When did you first meet and how did you come to collaborate on music?
Nueen: We met each other on the Internet. I listened to Iceboy’s Drown to Float record a few years ago and they listened to a record I released called Link on 3XL. So we started chatting on SoundCloud and then thought it would be nice to try and make some music together.

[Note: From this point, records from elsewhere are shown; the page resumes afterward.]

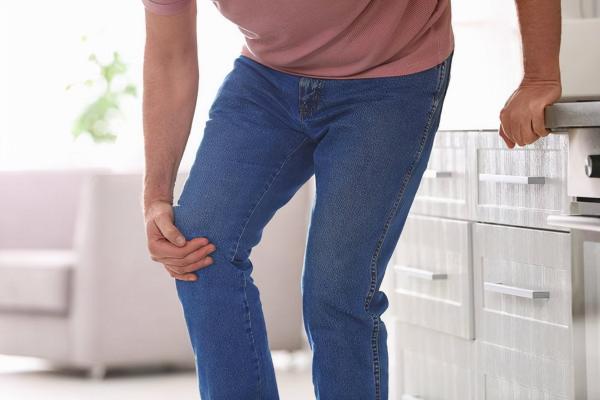 寒冷天氣,警惕主動脈夾層高發!提醒:這2種疼痛千萬別拖! 寒冷天氣,警惕主動脈夾層高發!提醒:這2種疼痛千萬別拖!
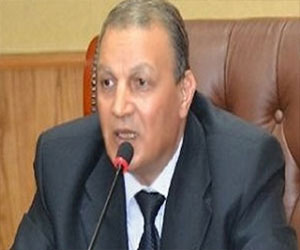   مصر اليوم - محافظ الغربية: لن أسمح بأي بلطجة أو إهدار لحق المواطن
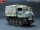 1/35 Raupenschlepper Ost RSO/01 Early Production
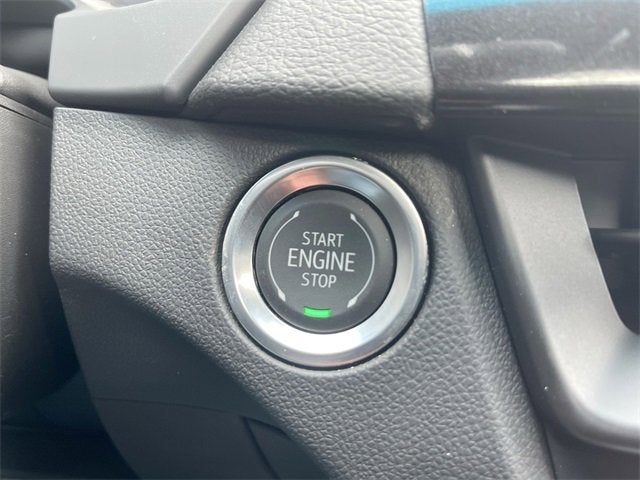 2025 Cadillac CT4 Luxury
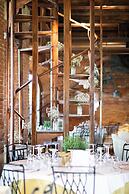 Tenuta Molino dei Sassi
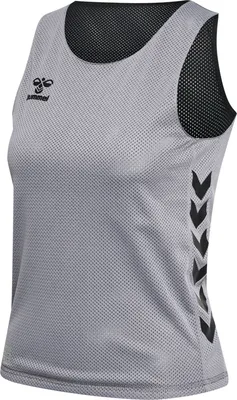 Produktbild von Hummel hmlCORE XK REVERSE BASKET JERSEY KI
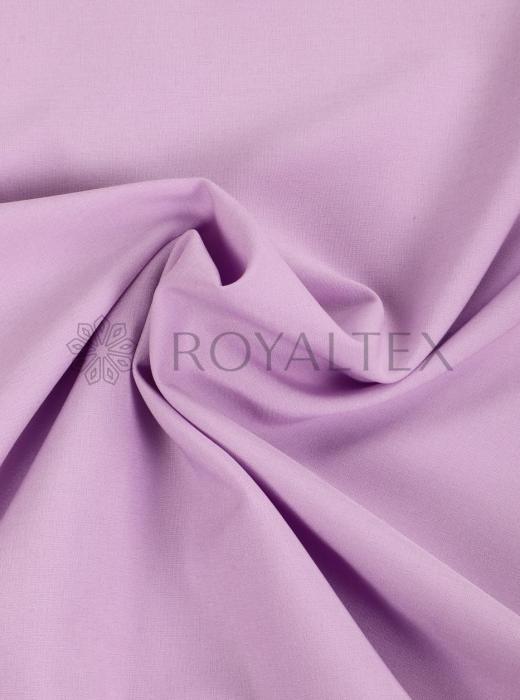 Индо однотонный (ПЫЛЬНАЯ СИРЕНЬ - 167)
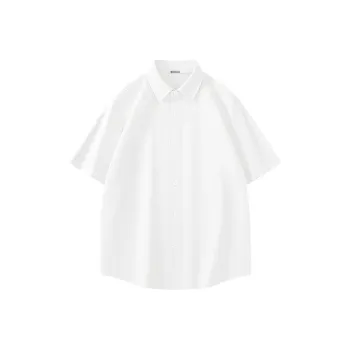 Red bean Shirts Unisex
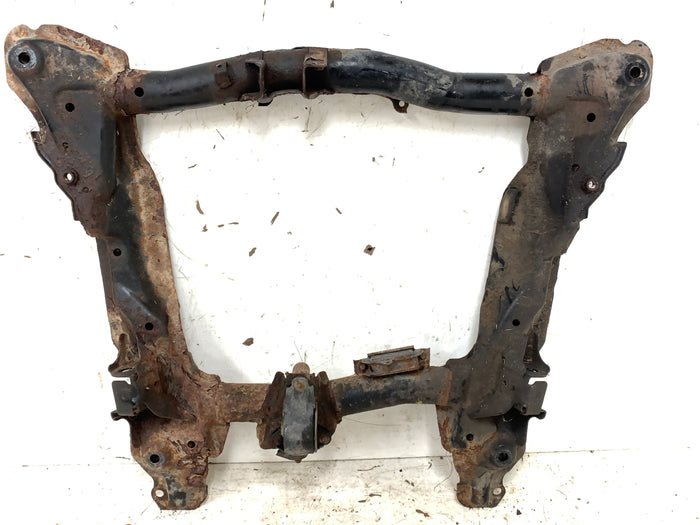 2002-2005 Honda EP3 Civic SiR Front Subframe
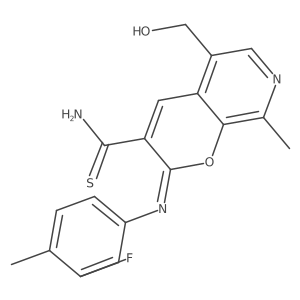 931315-63-8结构式
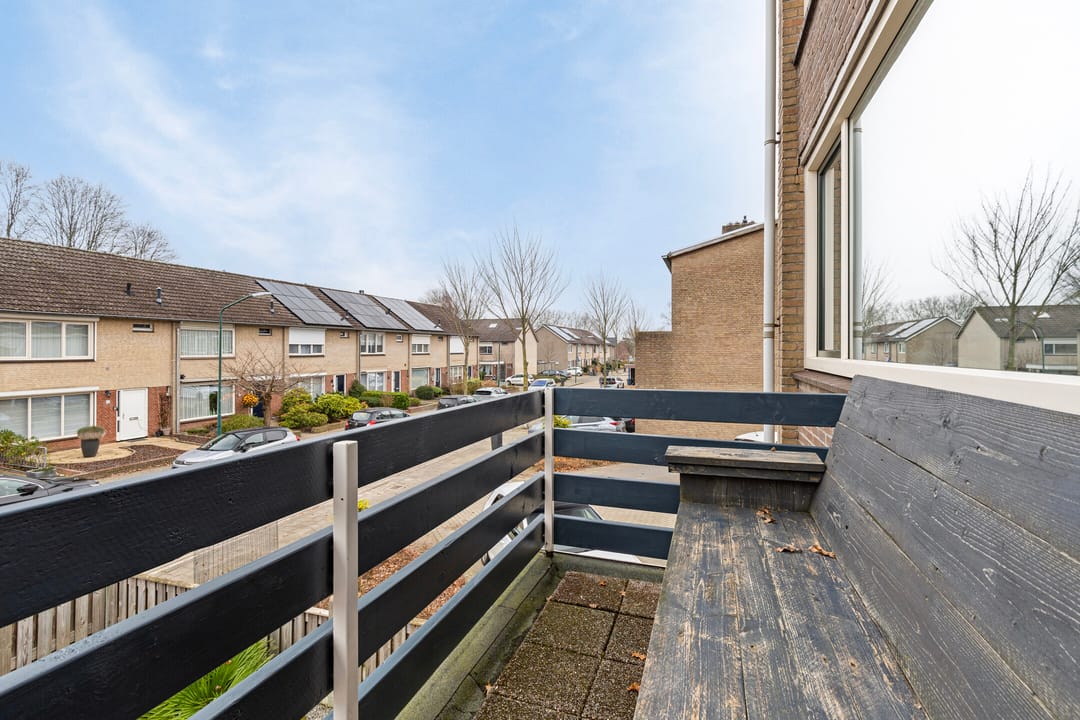 Foto 17 van Leliestraat 48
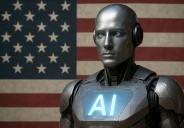 Studio Ghibli y otros estudios se rebelan contra OpenAI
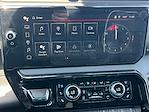 2024 GMC Sierra 1500 Crew Cab 4x4 Pickup for sale #264453R - photo 27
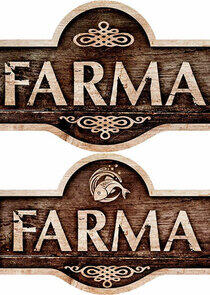 Farma Farma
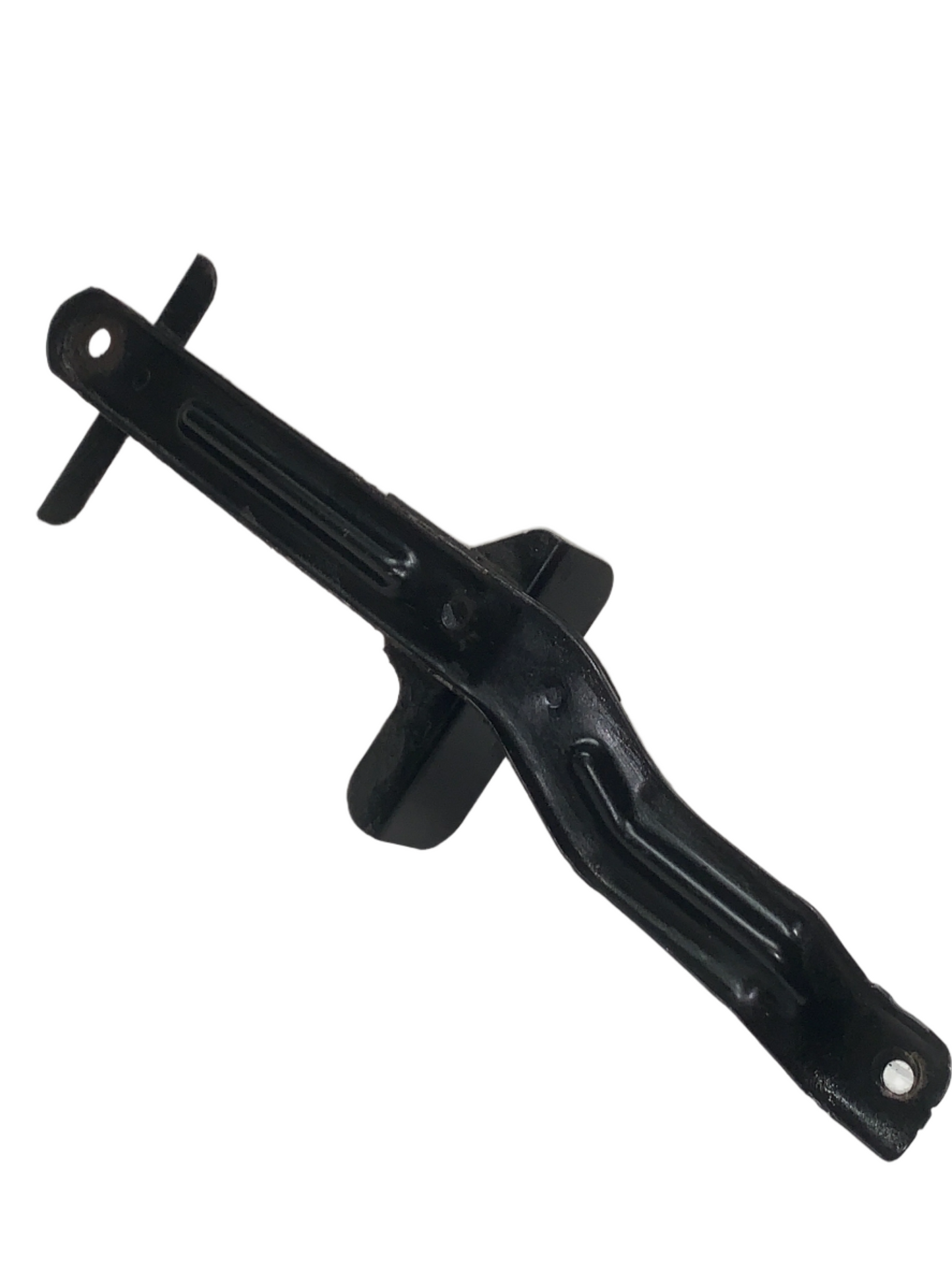 Sujetador Bateria Ford Fusion 2007 2010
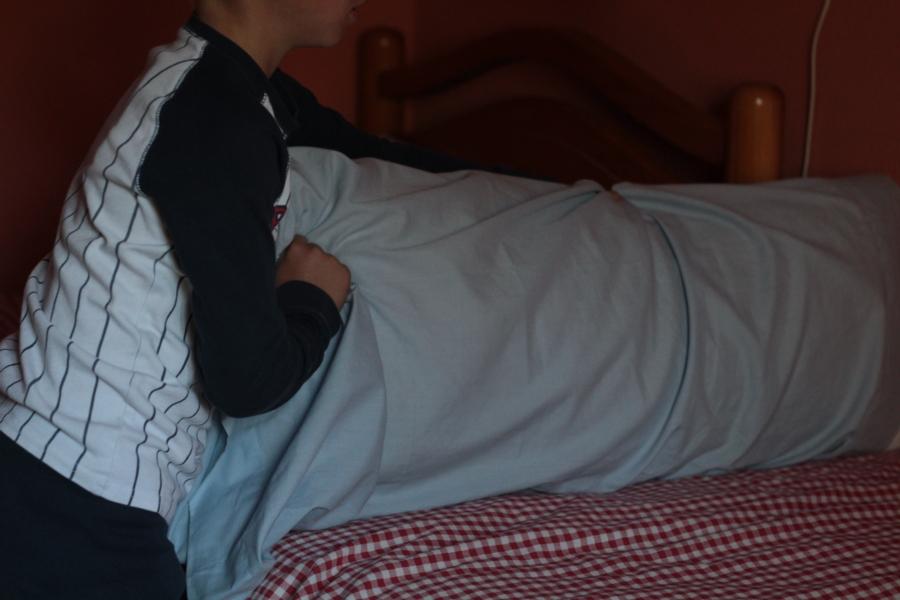 1 DIA CON NOSOTROS.IMG_2884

Iceboy Violet: Yeah, with the Link EP there were all these hip hop samples on it, and I was really into that with Drown to Float – it seemed like a similar kind of relationship to hip hop there, and particularly the emotional weight of it and trying to recontextualise that. We did that, messaged, and then I got broken up with shortly after and there was this stack of beats from Nueen waiting there for me. Then I just started writing, SM_FID was one of the first ones. It was perfect timing really, I needed something to focus on to make the ending of that relationship not push me completely over the edge.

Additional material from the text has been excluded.